This year, the Marcos Jr. government issued its current counter-insurgency program – the National Action Plan for Peace, Unity, and Development (NAP-UPD) – which it claims is enabling “Lasting Peace and Justice.” However, the Marcos Jr. government continues to violate the mutually accepted principles of the Hague Joint Declaration.
Marcos Jr. serves US interests ahead of Philippine sovereignty. The number of US-accessible EDCA military bases has grown by four since 2022 – and military exercises with the US, Australia, and other foreign powers have intensified to the detriment of local communities. Marcos Jr. was quick to sweep his proposed “Economic Charter Change” under the rug after it was shelved in response to massive opposition by progressive and nationalist Philippine groups for its plan to open up the education, media, and other industries to 100% foreign ownership. In the name of “renewable energy,” Philippine land is being opened up to foreign corporations, dispossessing many thousands of peasants.
Peasants and workers are exploited by landlords and employers – both foreign and domestic. Land reform schemes, like SPLIT, are purely voluntary and encourage transfer from one landlord to another – or are by-passed entirely through neoliberal land conversion schemes. There is no social justice from the Marcos Jr. government.
Marcos Jr.’s government blatantly violates human rights and international humanitarian law. Labour leaders, indigenous land defenders, and peasant organizers continue to be disappeared, or arrested on trumped-up charges, or killed. In the past month, the Philippine government has dropped a record number of bombs in close proximity to rural communities – supporting a program of state terror while also violating international humanitarian law (IHL).

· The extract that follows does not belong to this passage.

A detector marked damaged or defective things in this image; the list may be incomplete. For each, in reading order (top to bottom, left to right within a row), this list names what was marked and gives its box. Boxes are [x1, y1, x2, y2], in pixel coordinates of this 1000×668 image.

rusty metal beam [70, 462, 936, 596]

The NTF-ELCAC partners with local elites and law enforcement to red-tag organizers and threaten communities that support progressive politicians and party-lists. Those same local elites, connected with local paramilitaries and private militia, offer threats (including arson) and bribes (like bags of rice and money) to pressure Filipinos to vote for them.
The Hague Joint Declaration clearly highlights the social goals that the peace talks aim to facilitate. Demands for bilateral ceasefire and unilateral disarmament are arbitrary preconditions that “negate the inherent character and purpose of the peace talks.” Instead of pursuing the mere silencing of guns, the Marcos Jr. government must remove the barriers it has erected to those mutually held principles of national sovereignty, democracy, human rights, and social justice. The Philippine government should then resume the peace talks using the agenda set out in the Hague Joint Declaration and implementing all agreements reached so far.